Lazy 8 Writing Training Board
Lazy 8 Writing Training Board: Is It Right for Your Child?
A Lazy 8 Writing Training Board is a figure-eight tracing tool used to build bilateral coordination, midline crossing and smooth pencil control for handwriting. It can help many children at the pre-writing stage, but whether it suits your child is best decided by a clinician after assessment, never from a single tool.
That smooth figure-of-eight loop your child traces again and again isn't just play — it's the brain rehearsing the rhythm that handwriting is built on.
In short
A Lazy 8 Writing Training Board is a simple practice tool — a board with a grooved or raised figure-eight (an infinity loop lying on its side) that a child traces with a finger, stylus or pencil. Tracing the continuous loop builds bilateral coordination, midline crossing, fine-motor control and smooth, flowing pencil movement — the building blocks of comfortable handwriting. It can be a helpful, low-pressure addition for many children working on pre-writing and writing skills, but it is one practice tool, not a diagnosis or a complete programme.What it helps with — and who it suits
The Lazy 8 pattern is popular in occupational-therapy practice because the unbroken loop encourages a child's hand to cross the midline of the body, train both sides to work together, and develop the rhythmic, automatic motion that tidy handwriting needs. It may suit your child if they:- Are at the pre-writing stage and building hand control and pencil grip
- Find letter formation effortful, or write with stiff, broken, jerky strokes
- Are working on bilateral coordination or crossing the midline
- Benefit from a calming, repetitive, sensory-friendly motor task
It is less likely to be the right first step if the underlying difficulty is with vision, posture, attention or core stability — in those cases the loop alone won't address the root. That is exactly why a tool like this works best inside a plan shaped to your child, rather than chosen in isolation.
The Pinnacle way
Whether a Lazy 8 board — or any material — is right for your child is best answered after we understand how your child actually moves, grips and sits.

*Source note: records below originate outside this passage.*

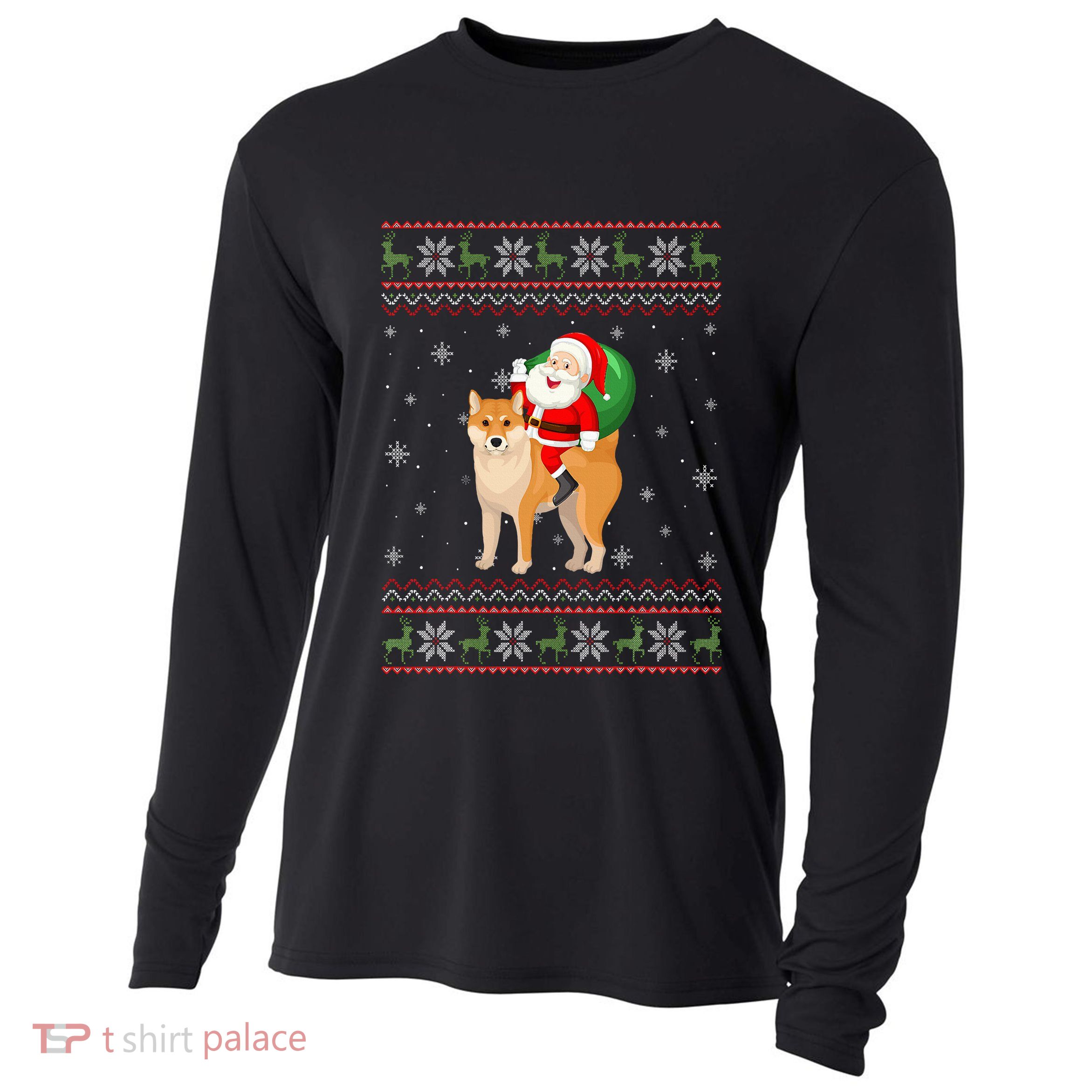 Christmas Santa Riding Shiba Inu Dog Funny Ugly Xmas Sweater Cooling Performance Long Sleeve Crew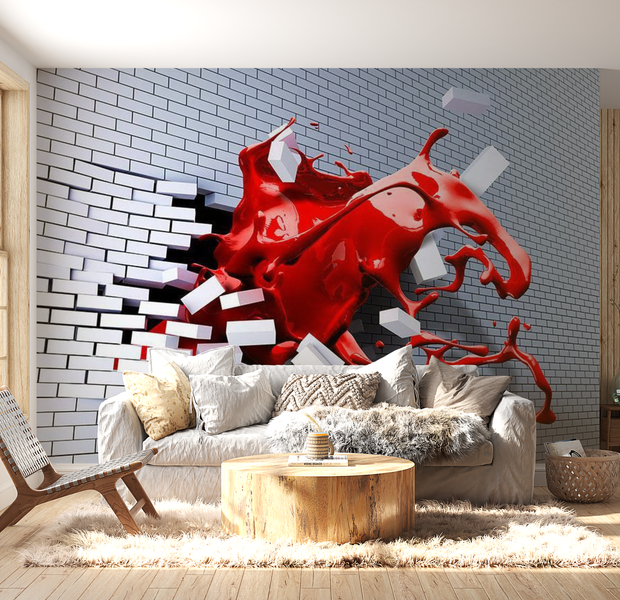 3D Illusion Wallpaper Wall Mural - Scarlet Inspiration 39"Wx27"H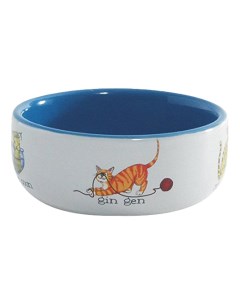 Одинарная миска для кошек и собак керамика белый синий 0 25 л Beeztees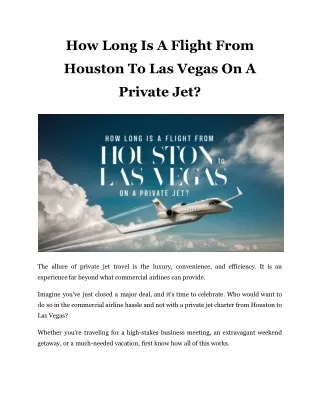 How Long Is A Flight From Houston To Las Vegas On A Private Jet?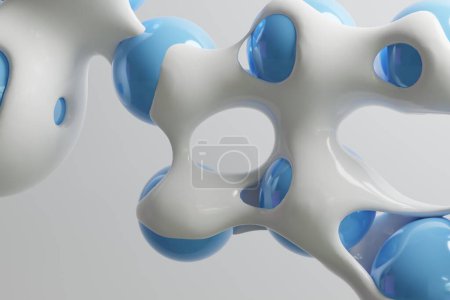 Photo for Abstract 3d render motion design, liquid bubble metasphere ball transition deformation, wallpaper animation business presentation. - Royalty Free Image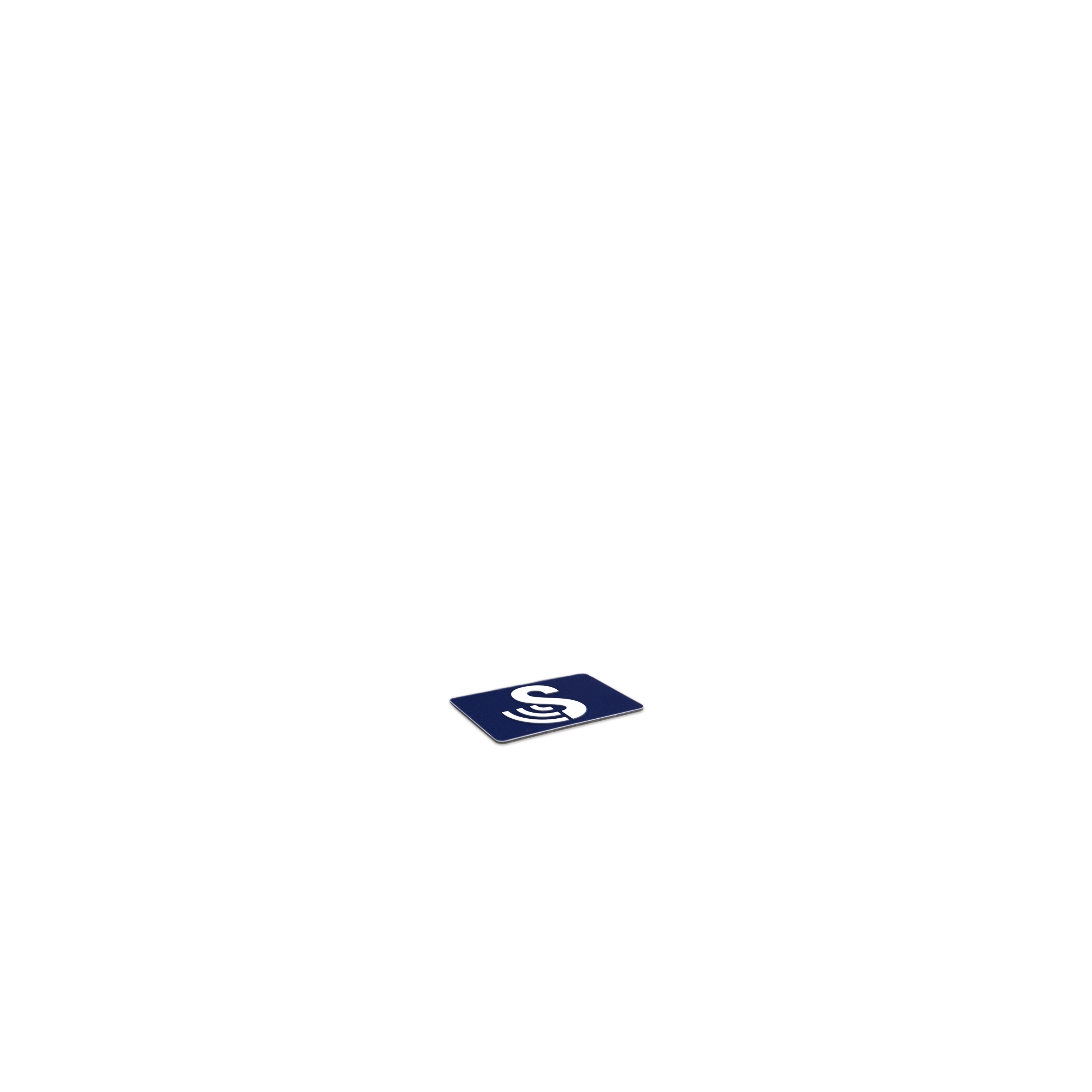 Seitliche Ansicht des rechteckigen standard SenseTap Stickers. Dieser Sticker ist 20 x 15 mm groß. Der Sticker ist dunkelblau und das SenseTap-Logo befindet sich darauf. Es besteht aus einem großen weißen S mit drei nach links gebogenen Linien.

A clinical AbilityScore® and any diagnosis are formed only at a Pinnacle Blooms Network centre, under qualified clinician care — never from an online form or a single tool. From there, our therapists can tell you whether this board fits your child's hands today, and how to use it well. Explore the Lazy 8 Writing Training Board, see how occupational therapy builds writing readiness, and learn what the AbilityScore® is and how it's established.Trusted sources
American Occupational Therapy guidance on fine-motor and handwriting development; AAP HealthyChildren guidance on early motor milestones; WHO ICF framework for functioning in everyday activities.Next step — Not sure if this is the right tool for your child? Book a Pinnacle assessment and let a clinician match the tools to your child.
What to watch
Watch how your child handles a pencil: stiff or jerky strokes, avoiding writing, tiring quickly, difficulty crossing the body's midline, or trouble with both hands working together are worth a developmental check.
Try this at home
Let your child trace the Lazy 8 with a fingertip first, slowly and rhythmically, before adding a pencil — keep it playful, a few relaxed minutes at a time, never a chore.
Trusted sources
Developed by SETU Consortium · Pinnacle Blooms Network · Last reviewed 2026-06-11 · reviewed every 365 days
This is general information, not a diagnosis. A clinical AbilityScore® and any diagnosis are formed only at a Pinnacle Blooms Network centre, under qualified clinician care.
Frequently asked
What is a Lazy 8 Writing Training Board used for?
It is a practice tool with a figure-eight (sideways infinity) loop that a child traces to build smooth pencil movement, fine-motor control, bilateral coordination and crossing of the body's midline — all foundations for comfortable handwriting.
At what age can my child use a Lazy 8 board?
It is most often used at the pre-writing and early-writing stage, when children are developing hand control and beginning to form letters. The right time for your child depends on their individual motor development, which a clinician can help gauge.
Is the Lazy 8 board enough to fix my child's handwriting?
No single tool fixes handwriting. The Lazy 8 board supports motor rhythm and coordination, but if the difficulty stems from posture, vision, attention or grip, it works best as part of a wider plan shaped by an occupational therapist.
How do I know if this tool is right for my child?
The clearest way is a clinician assessment. After understanding how your child moves, grips and sits, a Pinnacle therapist can confirm whether the Lazy 8 board fits and how to use it effectively.